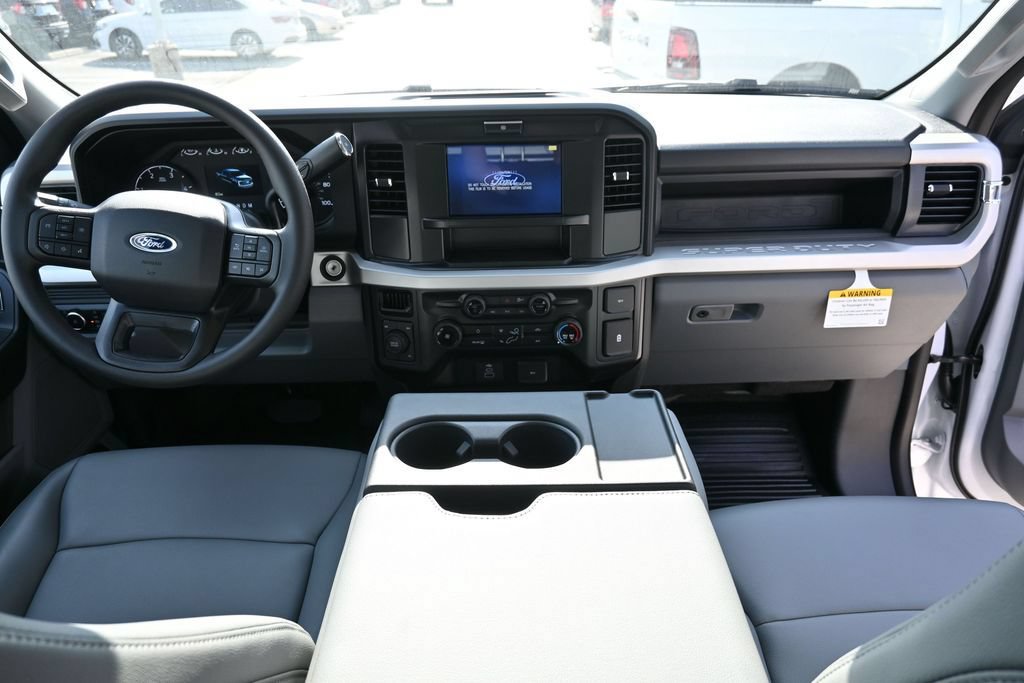 New 2026 Ford F550 4x4 Supercab Super Duty image 20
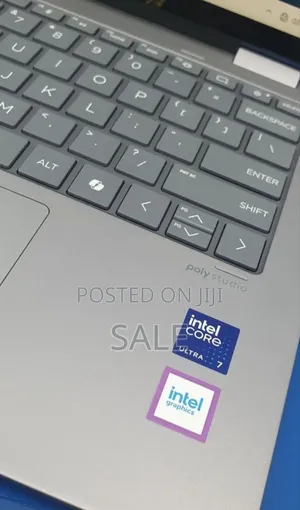 New Laptop HP Envy 13 32GB Intel Core Ultra 7 SSD 1T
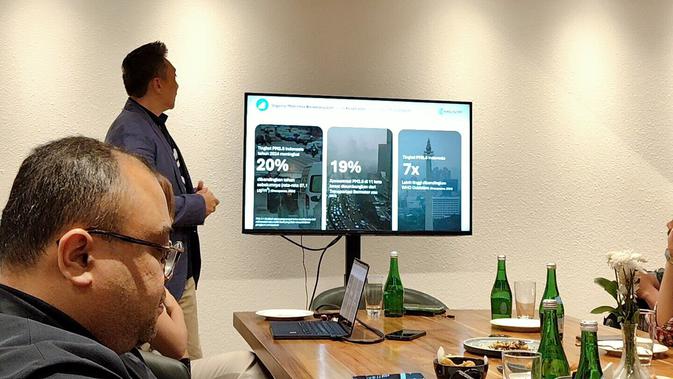 Bus Listrik Hemat Biaya dan Emisi Lebih Rendah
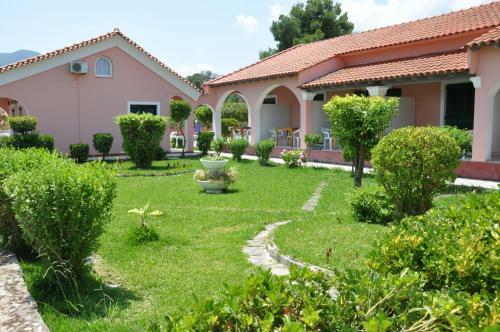Aparthotel Tassos Apartments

(What is expected) The reply should contain every line of the material exactly, and no images.

(Solution for this problem)
 New 2026 Ford F550 4x4 Supercab Super Duty image 20
 New Laptop HP Envy 13 32GB Intel Core Ultra 7 SSD 1T
 Bus Listrik Hemat Biaya dan Emisi Lebih Rendah
Aparthotel Tassos Apartments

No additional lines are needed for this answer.